An exact copy of the entries below is required, with all pictures removed.

── Entries provided

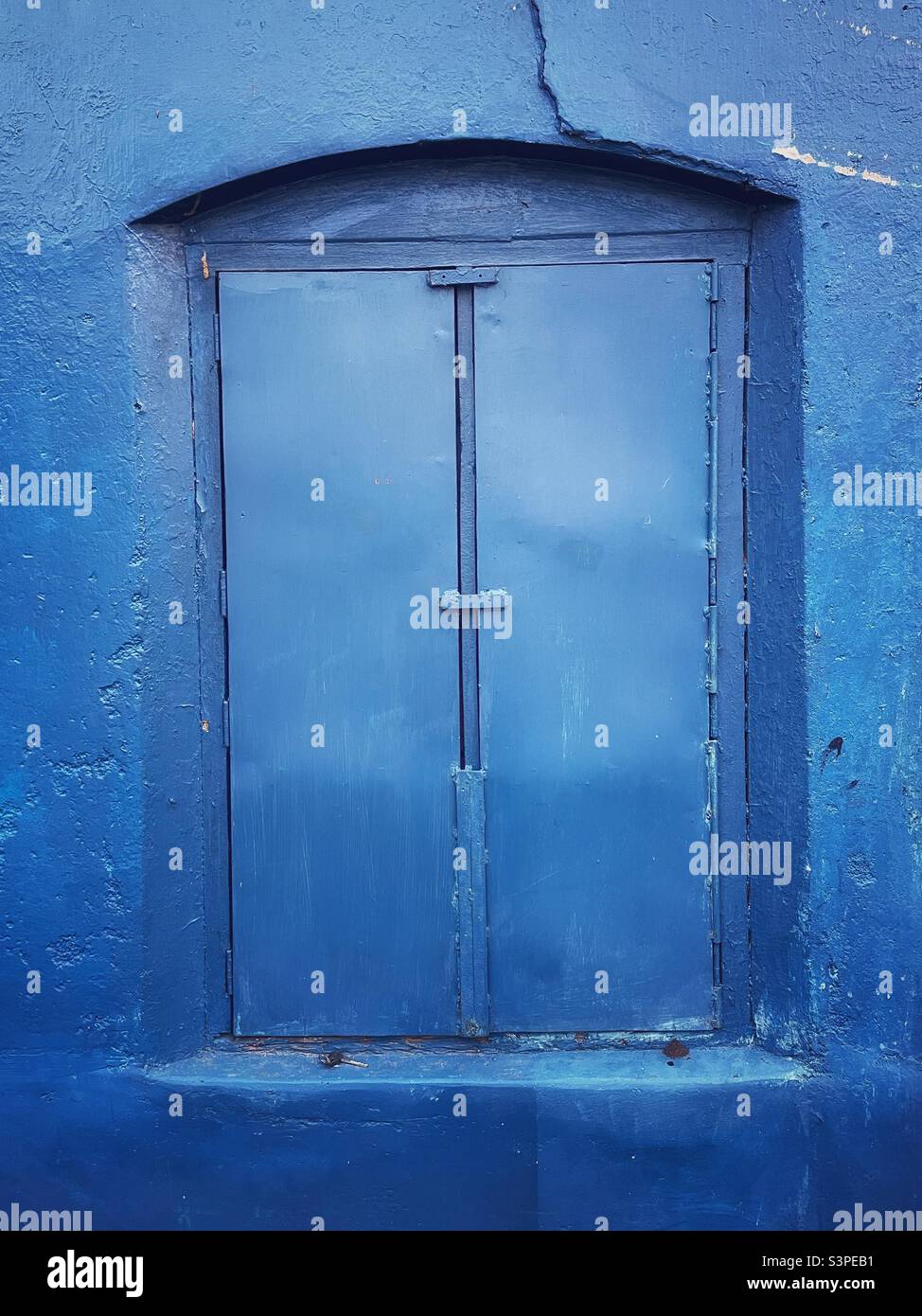 Ein geschlossenes Fenster auf blauem Wandhintergrund Stockfoto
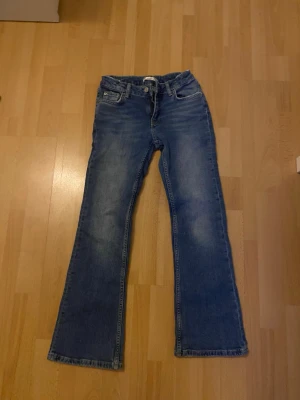 Blå bootcut jeans - Säljer ett par blå bootcut jeans med lätt slitna detaljer och klassisk femficksmodell. Jeansen har en något utsvängd passform nedtill och är tillverkade i denim. Perfekta för en avslappnad och trendig look. Storlekslappen är bortklippt men skulle gissa på storlek 152-158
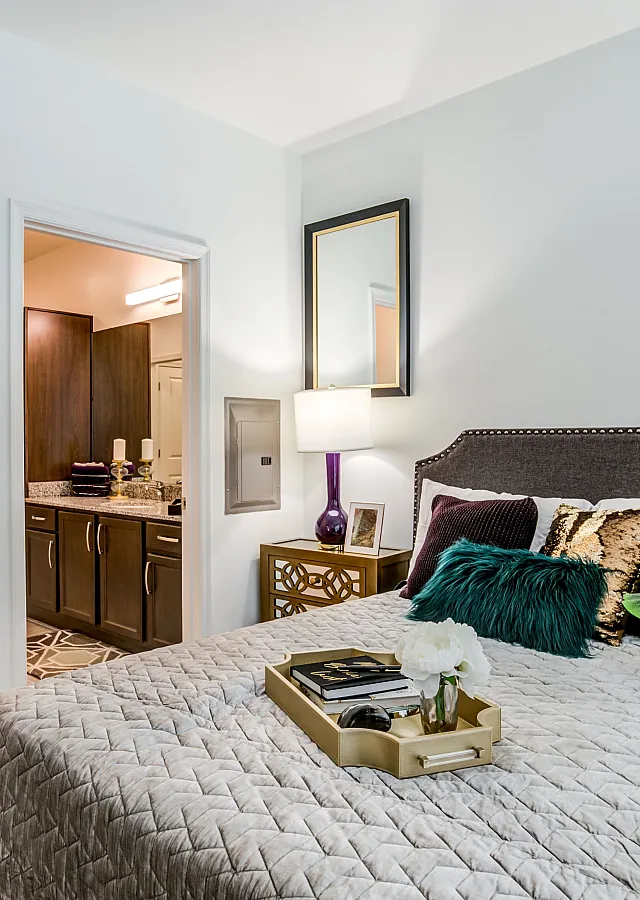 Inviting bedroom with elegant decor, showcasing a cozy bed adorned with plush pillows, a stylish nightstand, and an attached walk-in closet leading to a modern bathroom.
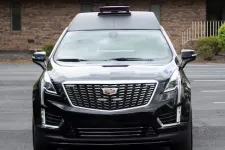 Thumbnail for Front view of a sleek black Cadillac SUV parked outside a building.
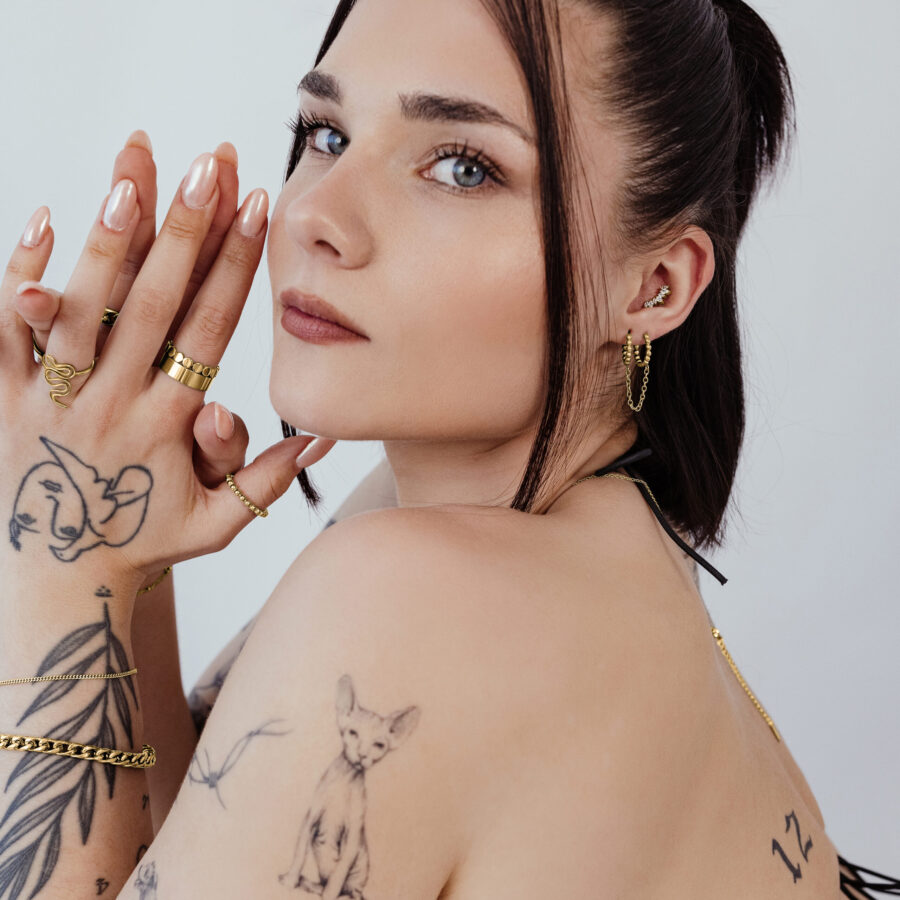 Frau mit goldenen Piercings und Tattoos, seitliches Profil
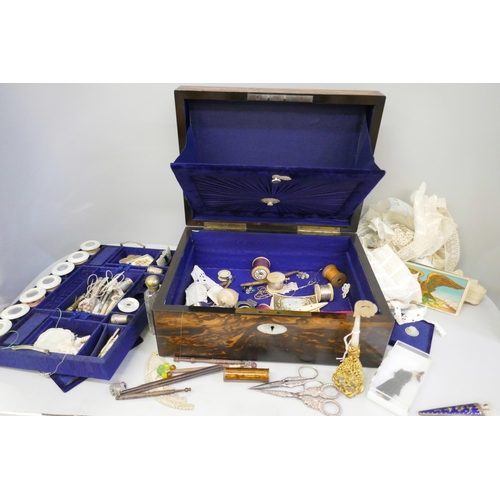 868 - A coromandel sewing box with a large collection of sewing related items, mother of pearl cotton reel... 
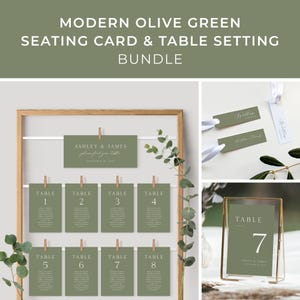 Puede incluir: Tarjetas de número de mesa de boda verde oliva con texto blanco. Las tarjetas se muestran en un marco de madera con clips. Las tarjetas están numeradas del 1 al 8. También hay una tarjeta de número de mesa más grande con el número 7 en un marco dorado.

────

# [Task output]
 Ein geschlossenes Fenster auf blauem Wandhintergrund Stockfoto
 Blå bootcut jeans - Säljer ett par blå bootcut jeans med lätt slitna detaljer och klassisk femficksmodell. Jeansen har en något utsvängd passform nedtill och är tillverkade i denim. Perfekta för en avslappnad och trendig look. Storlekslappen är bortklippt men skulle gissa på storlek 152-158
 Inviting bedroom with elegant decor, showcasing a cozy bed adorned with plush pillows, a stylish nightstand, and an attached walk-in closet leading to a modern bathroom.
 Thumbnail for Front view of a sleek black Cadillac SUV parked outside a building.
 Frau mit goldenen Piercings und Tattoos, seitliches Profil
 868 - A coromandel sewing box with a large collection of sewing related items, mother of pearl cotton reel... 
 Puede incluir: Tarjetas de número de mesa de boda verde oliva con texto blanco. Las tarjetas se muestran en un marco de madera con clips. Las tarjetas están numeradas del 1 al 8. También hay una tarjeta de número de mesa más grande con el número 7 en un marco dorado.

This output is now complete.